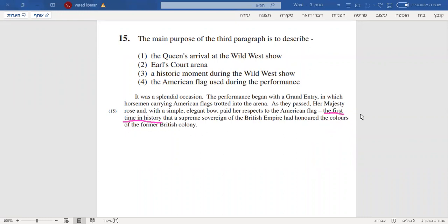So when we listen to 'the first time in history,' we actually understand that there's a certain type of story that happened in the context of the third section. So let's start with the third section.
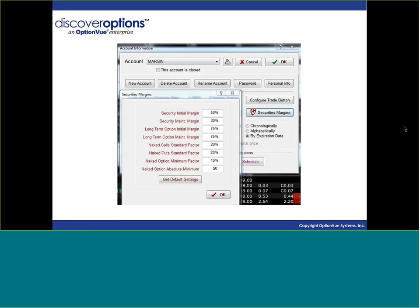Here, when you hit account info in OptionView, a screen comes up that says 'Security Margins' — this will figure out the margins for securities and options. As you go through there, these are numbers that some companies will actually match. OptionsHouse, TradeMonster, OptionsXpress, and thinkorswim will all answer to this.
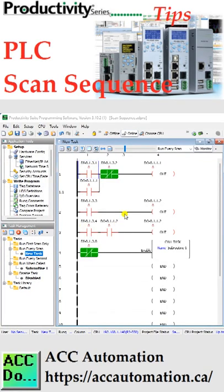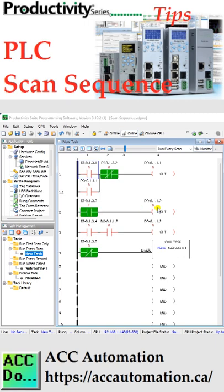The Productivity family of PLC controllers scan the ladder logic from left to right, top to bottom. The status of the previous rung is available for the next rung to use. In this example, rung 2 will set the output. This same output is then used as a condition to set the same output again.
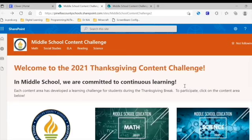We'd like to thank you for participating in this year's content challenge and wish you all a happy Thanksgiving.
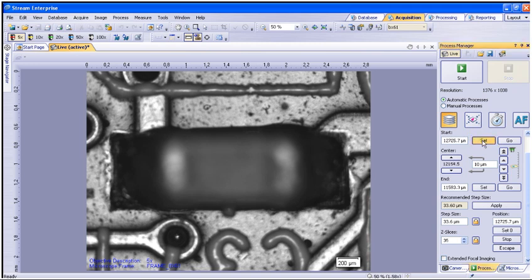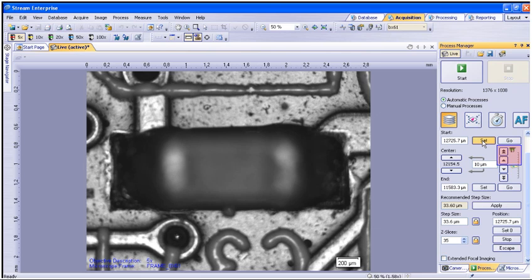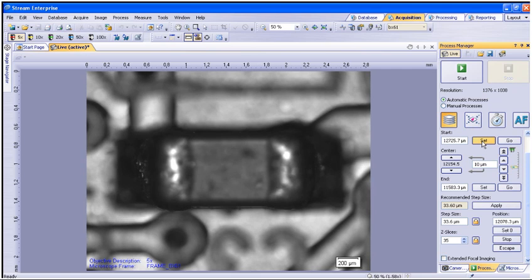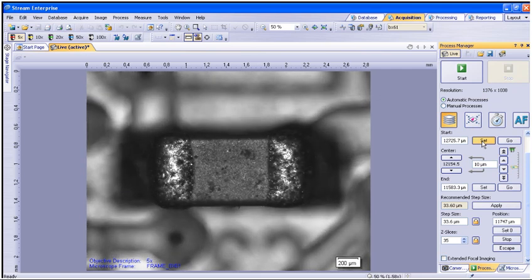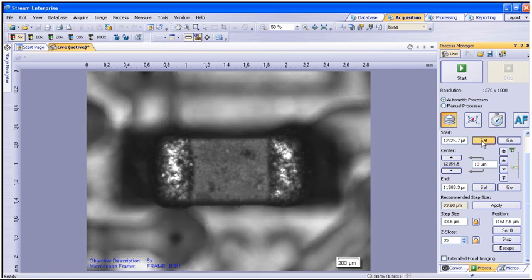You will now need to drive focus to the top level of the focus range or the highest point of your sample. This can be done using the up arrow buttons within the process manager or by using the hardware control focus knob on the microscope frame. Once this point has been reached, you must set the end point.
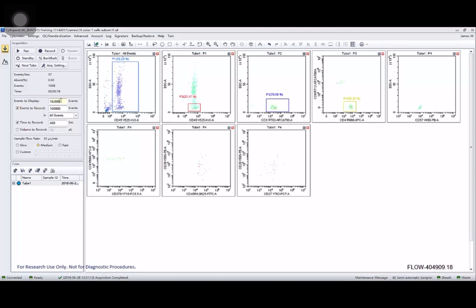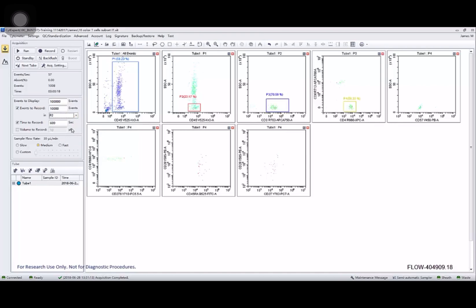I'm going to display a few more events for while we're running these. And I'm going to record 10,000 events that fall through the lymphocyte gate, which is P2 here. I'll leave my pump speed at medium and go ahead.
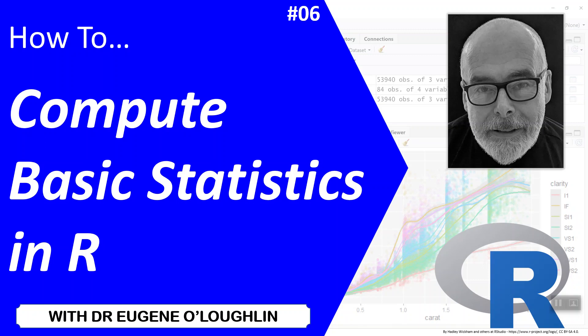Hi everybody, this is Eugene O'Loughlin and welcome to my series of short how-to videos. In this video, we're going to learn how to compute some basic statistics in R.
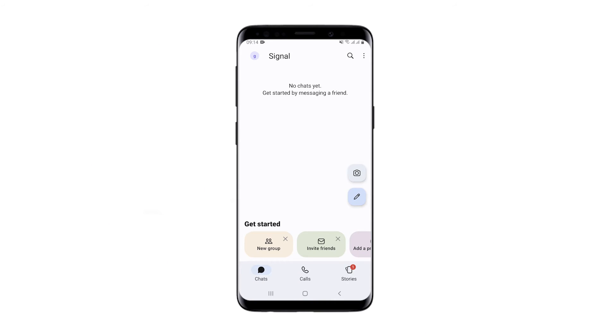Hi there and welcome to the ProxySale channel. My name is Andrew. In today's tutorial I'll show you how to configure a proxy in the Signal messenger. Let's get started.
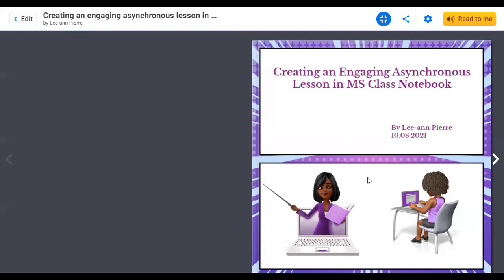Welcome to another session, 21st century educators. Yesterday we had a ton of fun with Flipgrid — I hope those of you who were with us went and had some more fun with that. Today we are going to jump right in and talk about creating an engaging asynchronous lesson in MS Class Notebook. Even if you are not using MS Teams, that's fine because you will still find a lot of the information applicable to whatever platform you are using.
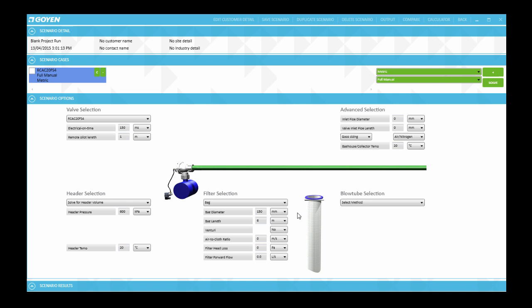Then that is followed by the next parameter which is the provision of using a Venturi. Now the Venturi option should only be used for those cases that have a filter bag diameter of either 5 inches or 6 inches. Let's just say in this case there is a Venturi. So we select yes.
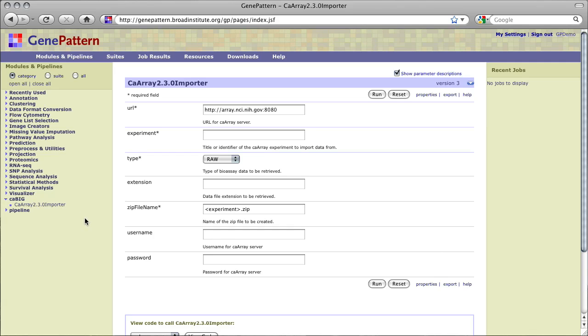CA Array 2.3.0 Importer imports data files from the CA Array 2.3 or newer repository into GenePattern by connecting to a CA Array repository and then retrieving files for a given experiment. The retrieved files are then collected into a single zip file archive, which is returned as the module's output. Note that though the module is named CA Array 2.3.0 Importer, it will work with the latest versions of CA Array as well.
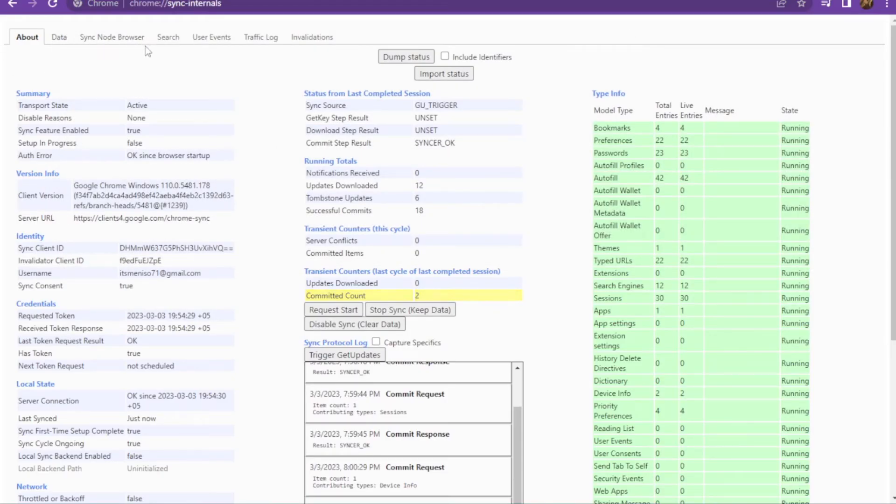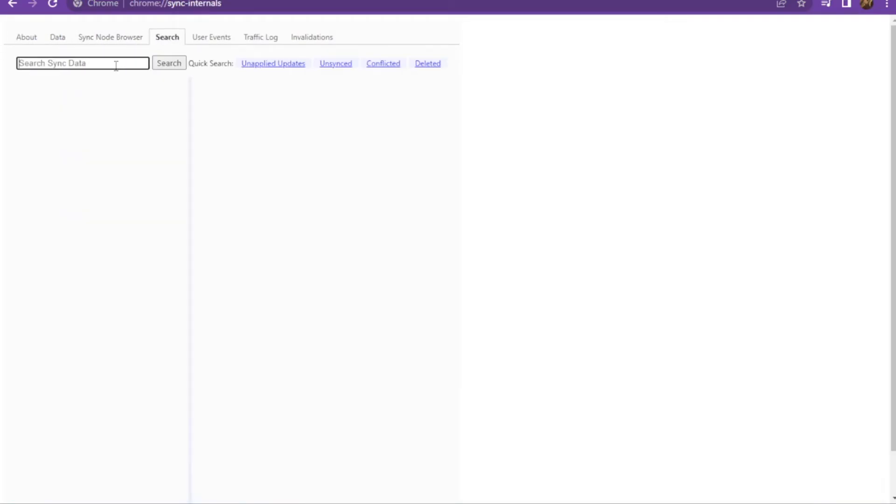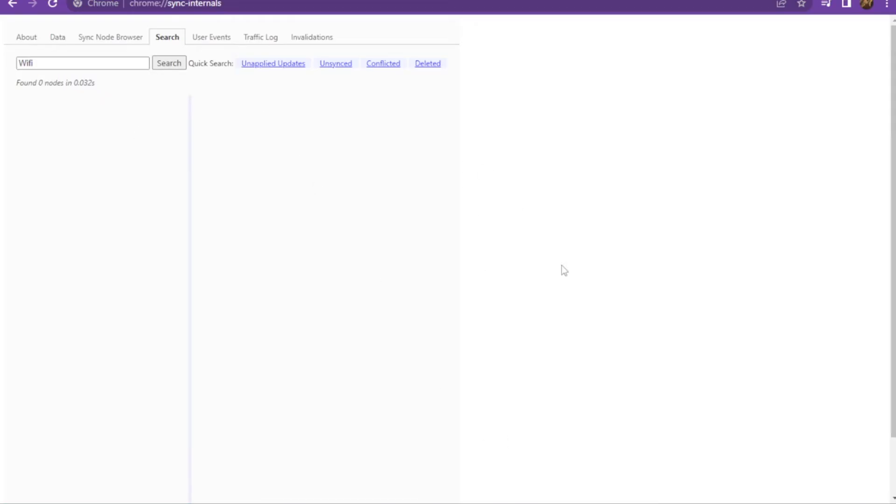Now once you are in, you have to go on the search and here you have to search for Wi-Fi and press Enter. Once you press Enter, there are the nodes. You have to copy those nodes.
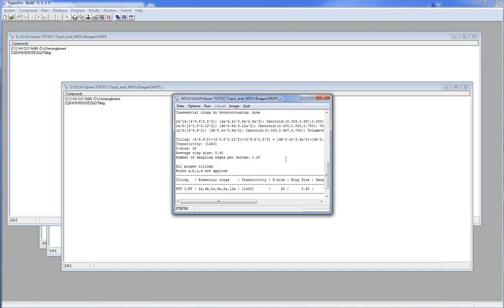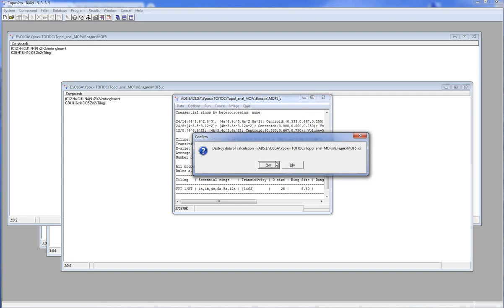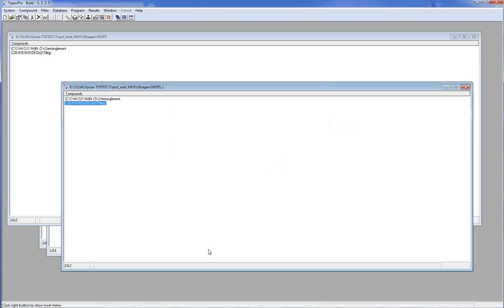So, you can use Topos Pro to perform a really comprehensive topological analysis of a particular MOF. This analysis is universal and enables you to find relations of this MOF to other structures with similar topology.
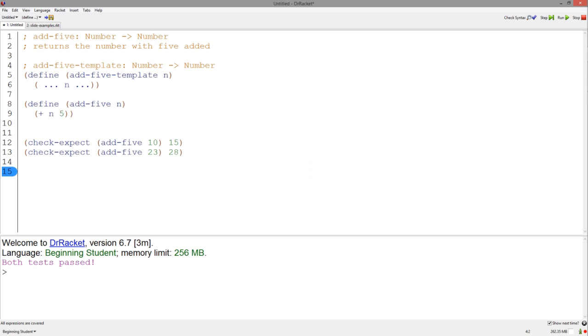The final step of the design recipe is the debug. Since our initial tests pass, everything looks good, but for the debugging steps, it is better to write more tests and to check every case.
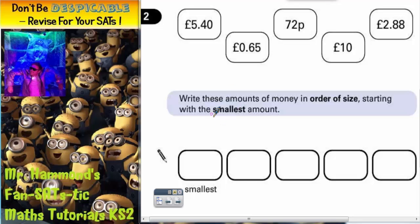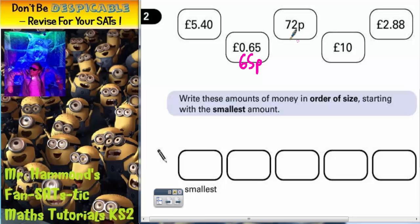Question 2. Write these amounts in order of size, starting with the smallest amount. We've got £5.40, 0.65 pounds — remember 0.65 pounds is the same as 65 pence — 72 pence, 10 pounds, and 2 pounds 88.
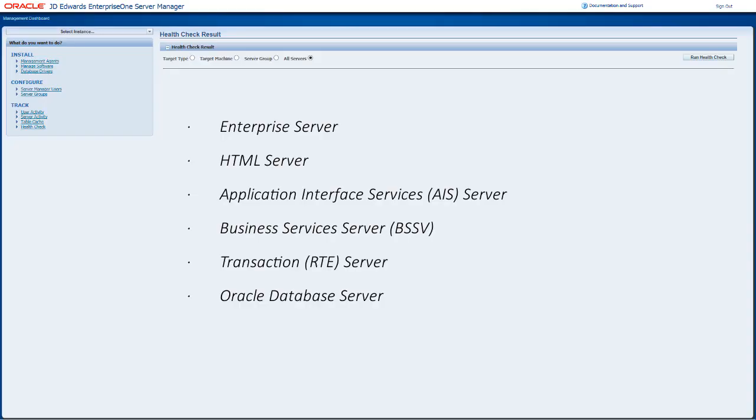The Server Manager now supports on-demand health checks on the Enterprise, HTML, Application Interface Services, Business Services, Transaction, and Oracle Database Servers.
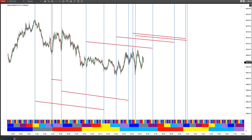Good morning everybody. It's Tuesday, January 17th, 2023. I'm going to set up the pH chart for today.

• TRY IT: With the pictures left out, write out exactly the lines above from the one containing "Hi there and" through the one containing "Welcome to another".

• EXERCISE OUTPUT:
Hi there and welcome to the ProxySale channel. My name is Andrew. In today's tutorial I'll show you how to configure a proxy in the Signal messenger. Let's get started.
Welcome to another session, 21st century educators. Yesterday we had a ton of fun with Flipgrid — I hope those of you who were with us went and had some more fun with that. Today we are going to jump right in and talk about creating an engaging asynchronous lesson in MS Class Notebook. Even if you are not using MS Teams, that's fine because you will still find a lot of the information applicable to whatever platform you are using.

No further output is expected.